Наше объективизированное представление о времени соответствует историчности и всему, что связано с регистрацией фактов, в то время как представление хопи о времени противоречит этому. Представление хопи о времени слишком тонко, сложно и постоянно развивается, оно не дает готового ответа на вопрос о том, когда “одно” событие кончается и “другое” начинается. Если считать, что все, что когда-либо произошло, продолжается и теперь, но обязательно в форме, отличной от того, что дает память или запись, то ослабляется стремление изучать прошлое. Настоящее же не записывается, а рассматривается как “подготовка”. А наше объективизированное время вызывает в представлении что-то вроде ленты или свитка, разделенного на равные отрезки, которые должны быть заполнены записями. Письменность, несомненно, способствовала нашей языковой трактовке времени, даже если это последнее направляло использование письменности. Благодаря этому взаимообмену между языком и всей культурой мы получаем, например:
1. Записи, дневники, бухгалтерию, счетоводство, математику, стимулированную счетом.
2. Интерес к точной последовательности - датировку, календари, хронологию, часы, исчисление зарплаты по затраченному времени, измерение времени, время, как оно применяется в физике.
3. Летописи, хроники - историчность, интерес к прошлому, археологию, проникновение в прошлые периоды, как оно выражено в классицизме и романтизме.
Подобно тому как мы представляем себе наше объективизированное время простирающимся в будущем так же, как оно простирается в прошлом, наше представление о будущем складывается на основании записей прошлого, и по этому образцу мы вырабатываем программы, расписания, бюджеты.
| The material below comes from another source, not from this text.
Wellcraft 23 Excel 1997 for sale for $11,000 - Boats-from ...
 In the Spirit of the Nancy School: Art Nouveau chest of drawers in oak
Формальное равенство якобы пространственных единиц, с помощью которых мы измеряем и воспринимаем время, ведет к тому, что мы рассматриваем “бесформенное явление” или “субстанцию” времени как нечто однородное и пропорциональное по отношению к какому-то числу единиц. Поэтому стоимость мы исчисляем пропорционально затраченному времени, что приводит к созданию целой экономической системы, основанной на стоимости, соотнесенной со временем: заработная плата (количество затраченного времени постоянно вытесняет количество вложенного труда); квартирная плата, кредит, проценты, издержки по амортизации и страховые премии. Конечно, это некогда созданная обширная система продолжала бы существовать при любом лингвистическом понимании времени, но сам факт ее создания, обширность и та особая форма, которая ей присуща в западном мире, находятся в полном соответствии с категориями языков SAE. Трудно сказать, возможна была бы или нет цивилизация, подобная нашей, с иным лингвистическим пониманием времени; нашей цивилизации присущи определенные лингвистические категории и нормы поведения, складывающиеся на основании данного понимания времени, и они полностью соответствуют друг другу. Конечно, мы употребляем календари, различные часовые механизмы, мы пытаемся все более и более точно измерять время, это помогает науке, и наука в свою очередь, следуя этим, хорошо разработанным путям, возвращает культуре непрерывно растущий арсенал приспособлений, навыков и ценностей, с помощью которых культура снова направляет науку. Но что находится за пределами этой спирали? Наука начинает находить что-то во вселенной, что не соответствует представлениям, которые мы выработали в пределах этой спирали. Она пытается создать новый язык, чтобы с его помощью установить связь с расширившимся миром.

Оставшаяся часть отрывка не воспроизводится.